Oswald, we know, was a Communist. He seems to have been more or less identified with the Soviet Union, hence, not only with a foreign power, but the mortal enemy of his own country, the United States. Inasmuch as Oswald himself was murdered before the commencement of any judicial proceedings, we can only speculate about his motives. If Oswald was ideologically motivated, there was one episode of JFK’s presidency that may have triggered the assassination, namely, the Cuban missile crisis.

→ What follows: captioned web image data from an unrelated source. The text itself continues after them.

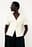 Fitted Short Sleeve Blazer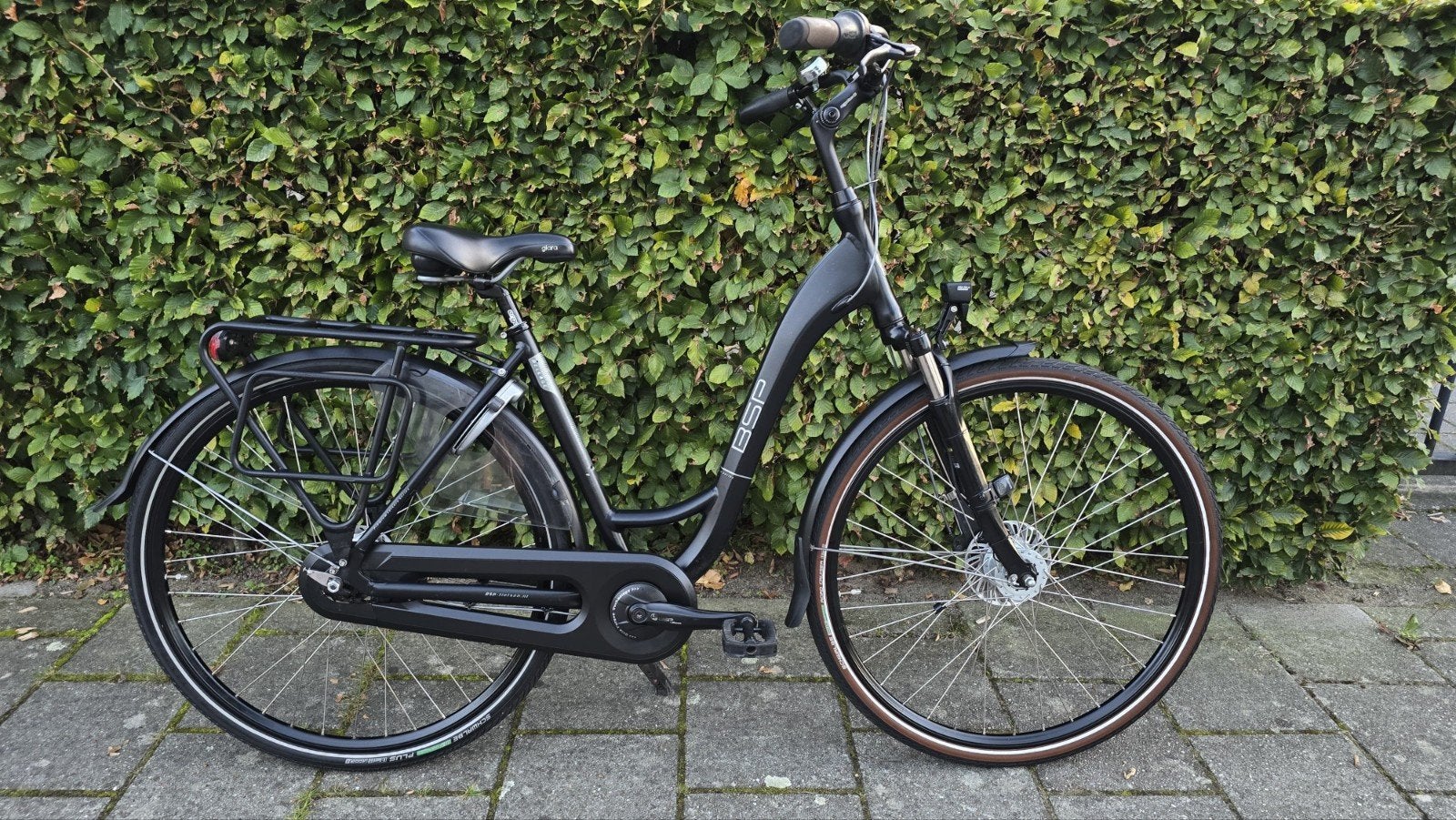 Nette BSP BELLAGE DamesFiets  50 cm   7 Versnellingen, Fietsen en Brommers, 50 tot 53 cm, Ophalen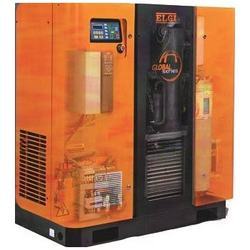 Electric Powered Screw Air Compressor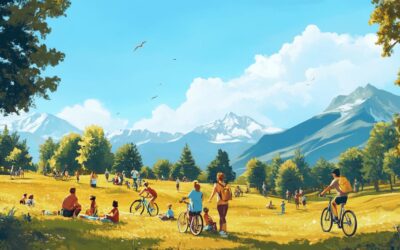 Transformez votre exterieur pendant la quinzaine du plein air : guide d’amenagement paysager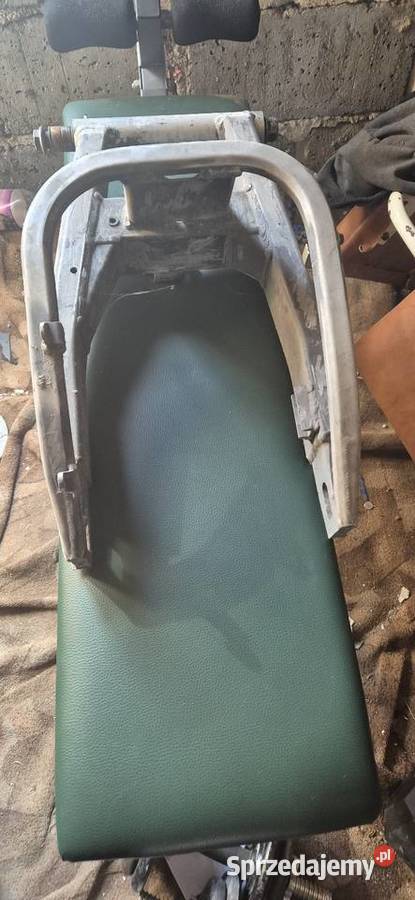 Wąchacz cbr 900 rr sc 28 części Płock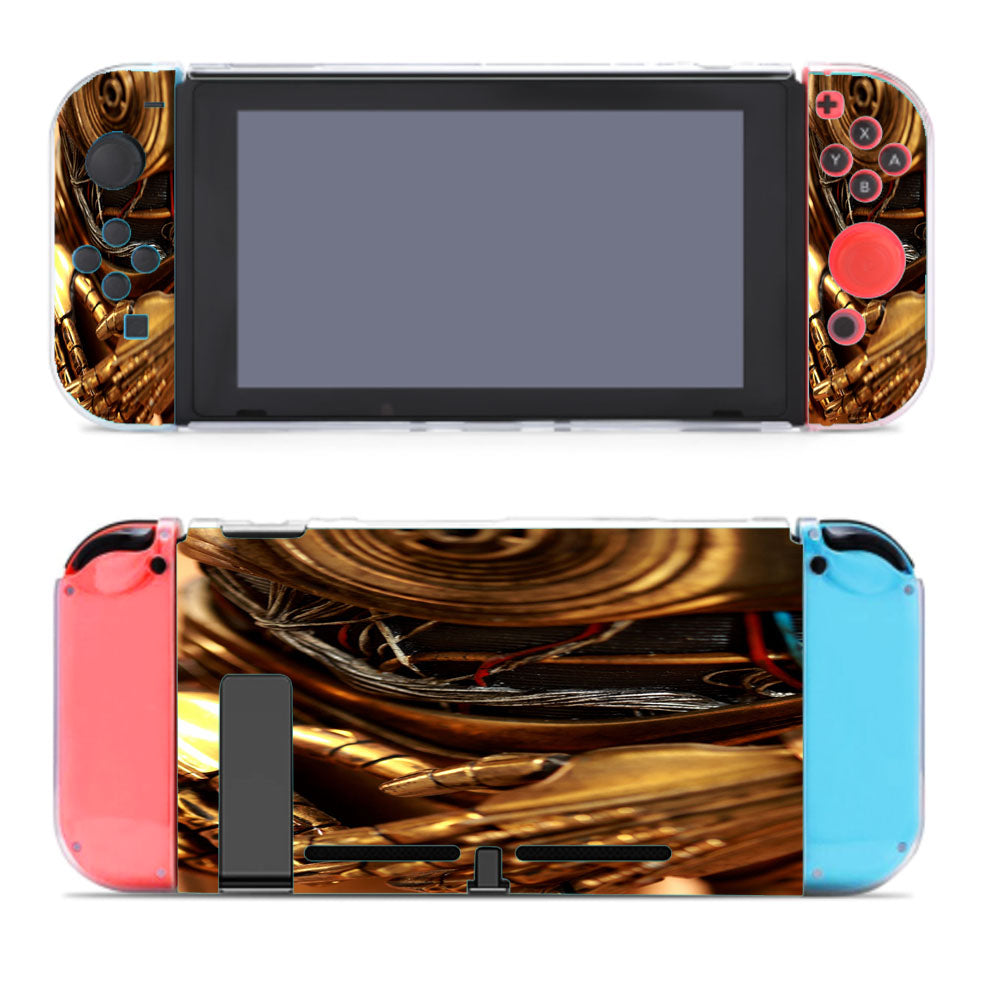 Star Wars C3Po Nintendo Switch Cover Case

Kennedy’s superb handling of that crisis gave rise to speculation that Oswald, who had spent time in Moscow (as well as in Cuba), was recruited by the KGB to assassinate the president. Whether this is so, or whether the KGB employed the mafia for a simultaneous hit, I leave for others to ponder. (Editor’s Note: Bill O’Reilly has done more than ponder it. He favors the KGB theory. See Killing Kennedy, by Bill O’Reilly and Martin Dugard.) As concerns Oswald, however, we remain in the dark about his motives if they were not ideological.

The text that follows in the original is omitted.